Orbital Sciences: Antares Launch Nominal.

     You may not have heard of them -- at present, they're the "12 full ounces, that's a lot" brand* to Elon Musk's Co-Cola, but Orbital Sciences put an Antares rocket through its paces a few days ago, carrying a test payload to orbit smooth as silk:
     Elsewhere, they lit the main engine of SpaceShip Two in flight for the the first time recently -- and broke the sound barrier.

     I'm startin' to think this "space" thing might just work out.
* Ask your parents.  No, wait, ask your grandparents. Or a search engine.


Anonymous said...

While I'm impressed by these efforts and wish the best to these companies, this sort of news also depresses me: where's the spaceplane with "US Air Force" or even "NASA" painted on it?

Oh, that's right: we can't afford them any more.

Roberta X said...

That doesn't depress me at all, NASA and USAF being too susceptible to Congressional whim.

On the other hand, take heart (if you must) in the knowledge that the primary client of the cargo lifters is the .gov -- NASA and USAF, in fact. Unlike those two entities, SpaceX and Orbital Sciences can -- and do -- accept private contracts, too.

Dave H said...

* Ask your parents. No, wait, ask your grandparents. Or a search engine.

Better ask the search engine. Your parents probably don't remember. (I remembered the jingle but I couldn't remember the product it went with.)

Back to topic: I'm encouraged to see private space development. NASA's got too many masters and has lost focus. I say let 'em stick to the R&D and leave the haulage to industry. (I'd like to see them continue with manned exploration too but they've become so risk-averse I don't see it happening much.)

Something else I saw recently also gives me hope. NASA is funding research at U. of Washington to develop a fusion rocket motor.
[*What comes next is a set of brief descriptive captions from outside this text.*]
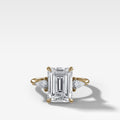 Three Stone Engagement Ring With Kite Side Stones and Emerald Cut Diamond
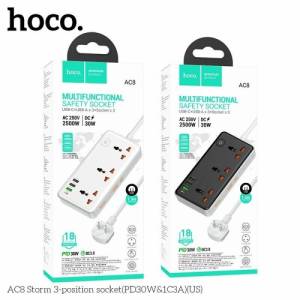 Ổ điện Hoco ac8 3U1C 3 ổ cắm 30W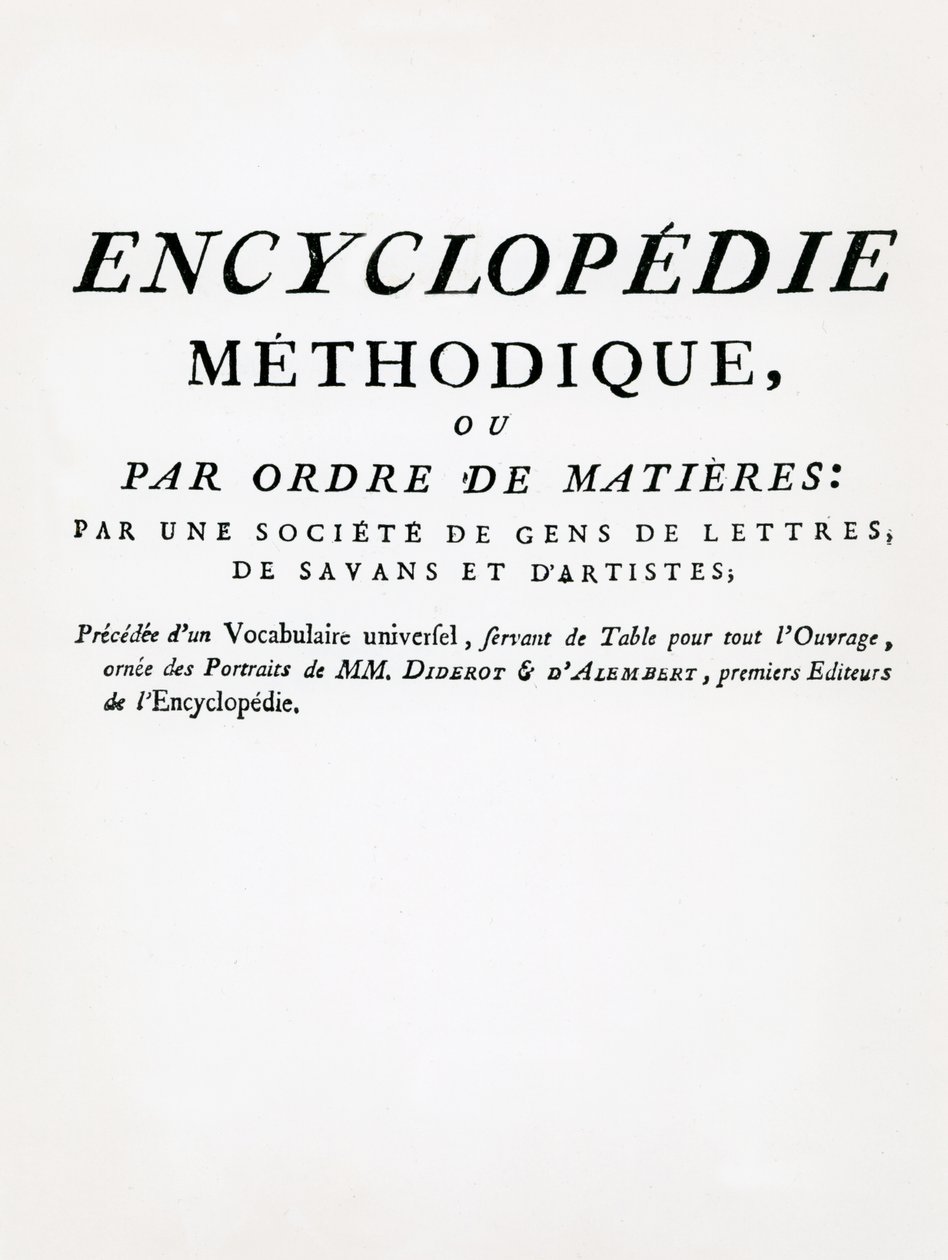 Frontispice to the Methodical Encyclopedia by Order of Subject Matter, redigeret af Denis Diderot og Jean Le Rond DAlembert, udgivet 1782 (print) af French School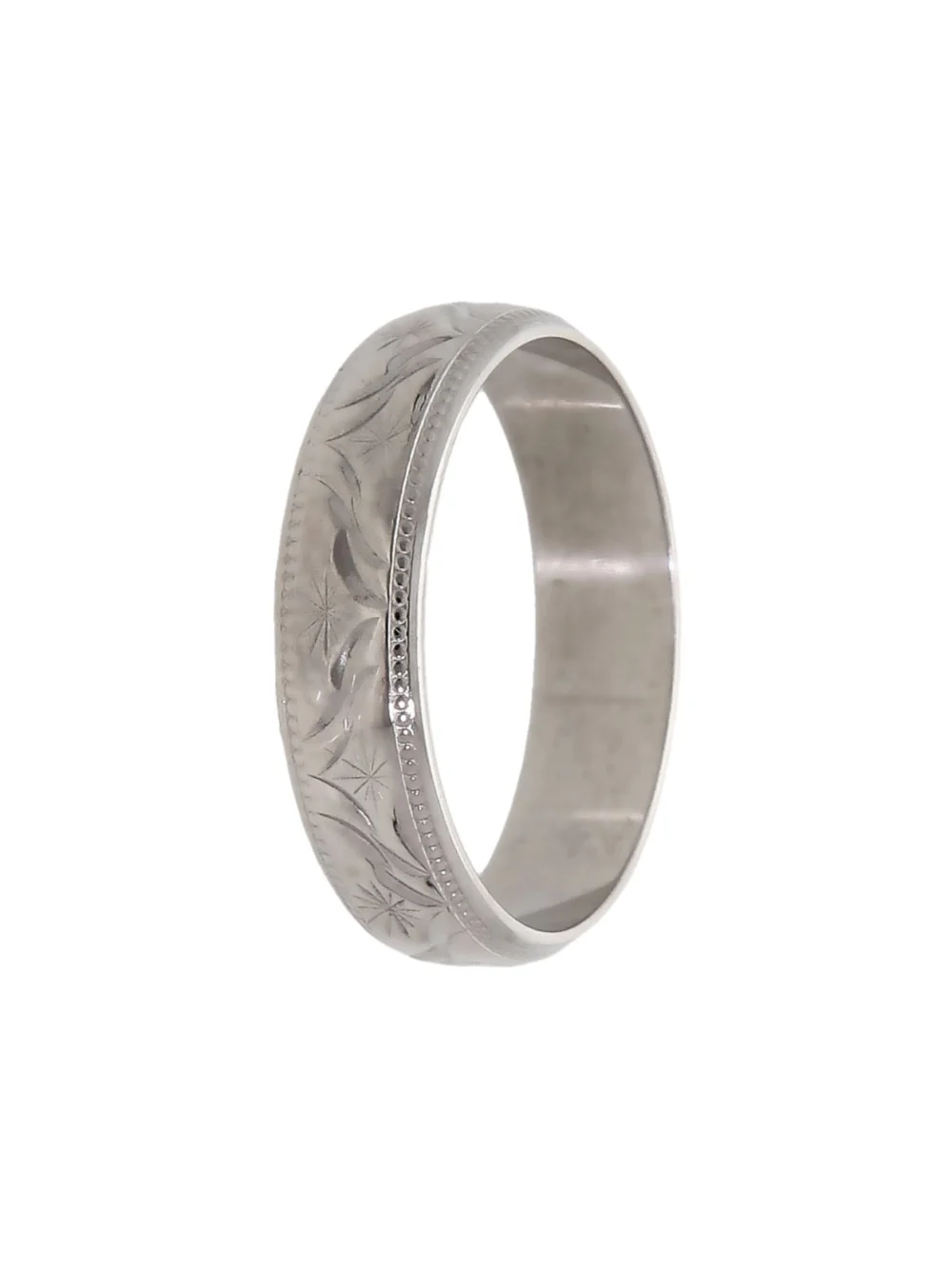 William May 9ct White Gold 5mm Patterned Wedding Band Ring, view 2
What's novel is that it doesn't require a sustained reaction. It's a pulse jet:

I suspect the hard part is going to be making their ignition system work. We already know how to make hydrogen isotopes fuse.

Anonymous said...

I'm glad to see that private enterprise is moving into space (well, until the EPA or OSHA or the DoT shuts them down).
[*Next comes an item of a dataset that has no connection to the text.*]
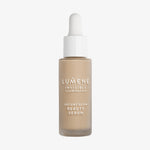 Mattierte transparente Flasche Lumene INVISIBLE ILLUMINATION Glow Beauty Serum in Universal Medium mit einem weißen Tropfverschluss.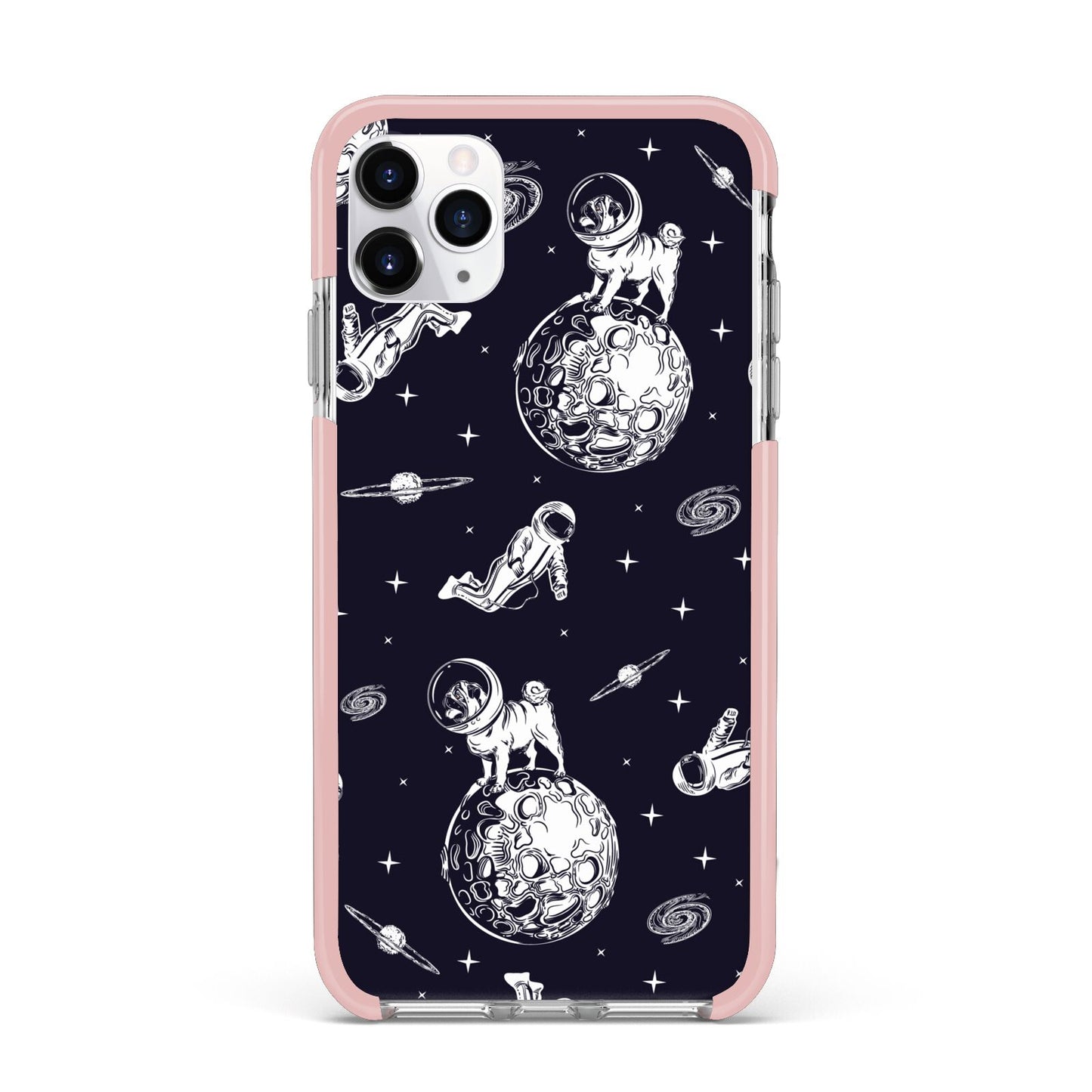 Pug in Space iPhone 11 Pro Max Impact Pink Edge Case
However, not having a national (especially military) space capability beyond stacking something atop an unmanned booster seems not only humiliating, but bloody foolish.

jed said...

I remember the Pepsi Generation ads. To the extent we has soda pop at home, it was mostly Shasta stuff or Dad's root beer, later to be replaced by Mug. Nehi made an occasional appearance.

Not sure whether you already brought it up, Roberta, but another cool thing I saw recently, space-wise, was the rebirth of the Rocketdyne F1 engine.

Stranger said...

If space is to be explored, it will be the private companies doing it. Congress is entirely too squirrelly to stick to any project for long. Even if it does save the human race.

But the jingle brings back memories of the Hamlin Wizard Oil's fifteen minutes, with the next show sponsored by the OKC bottler for "Twelve full ounces, that's a lot. Nickel nickel nickel" Pepsi Cola.

Along with ads for a new Oldsmobile eight for only $810 with a hail proof steel top: clock, radio and heater optional.